<<<<

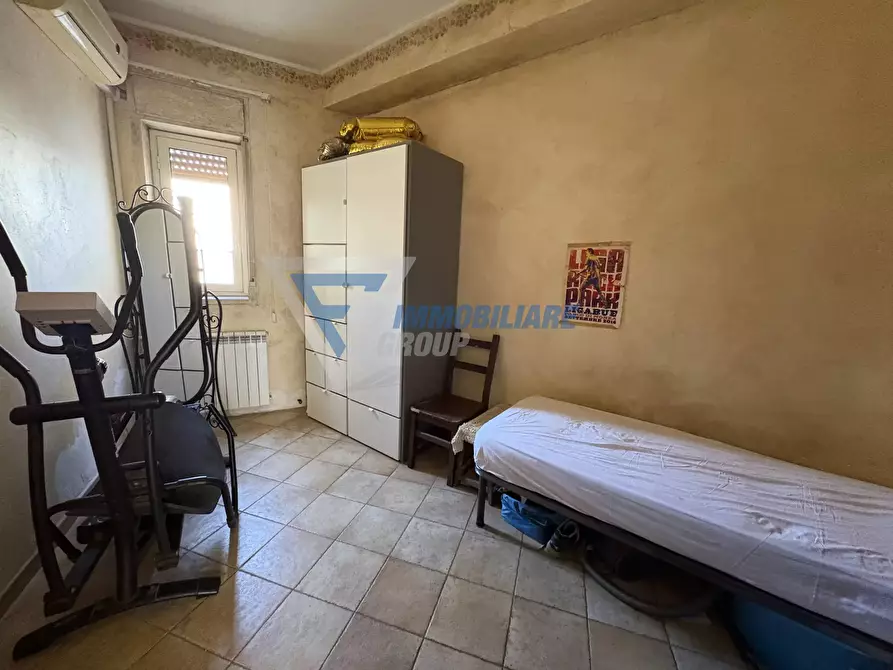 Immagine 8 di Casa trifamiliare in vendita  in Viale Tica a Siracusa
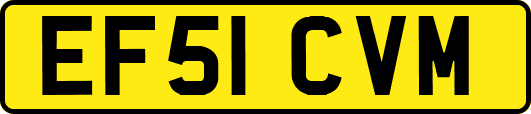 EF51CVM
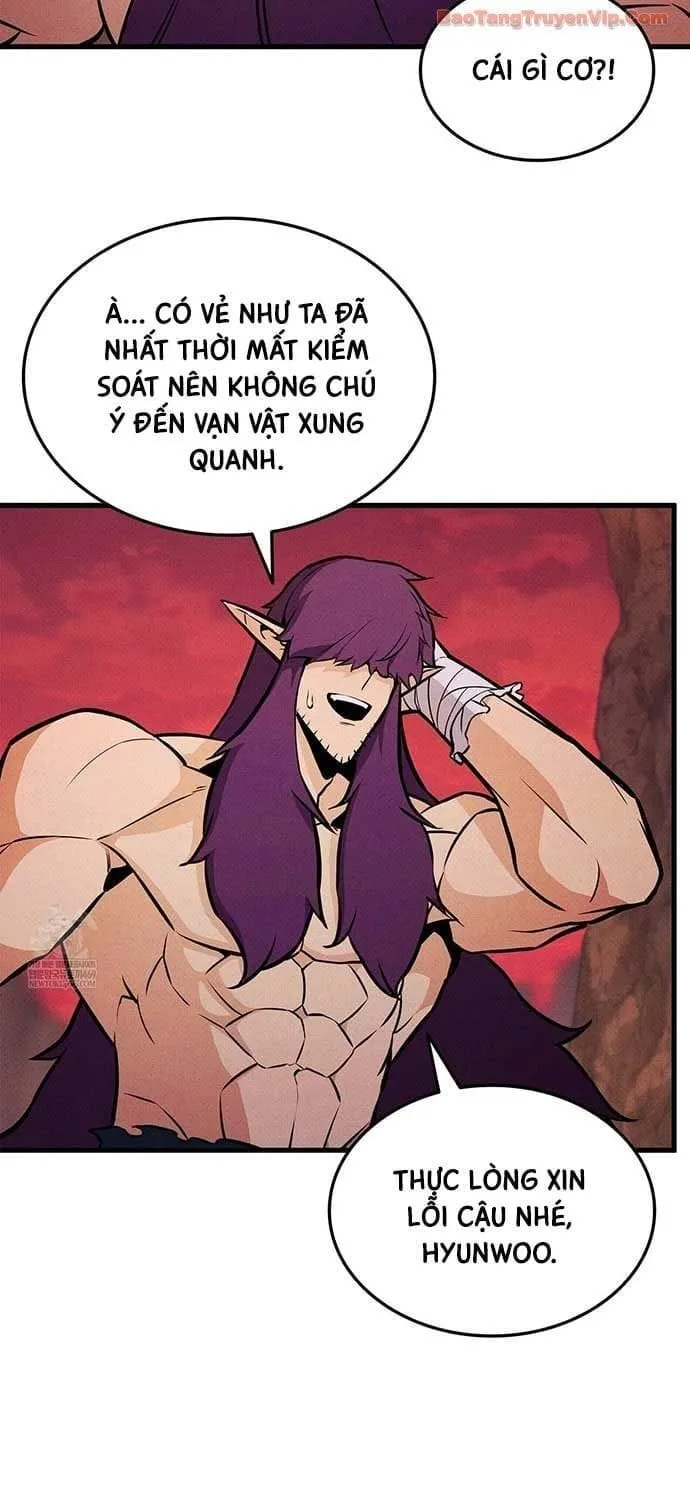 Sự Trở Lại Của Vị Thần Sức Mạnh Chap 232 - Next Chap 233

>>>>

WHAT IS REQUIRED
Text only, please: give the listing again word for word with no images.

YOUR SOLUTION
 Immagine 8 di Casa trifamiliare in vendita  in Viale Tica a Siracusa
 EF51CVM
 Sự Trở Lại Của Vị Thần Sức Mạnh Chap 232 - Next Chap 233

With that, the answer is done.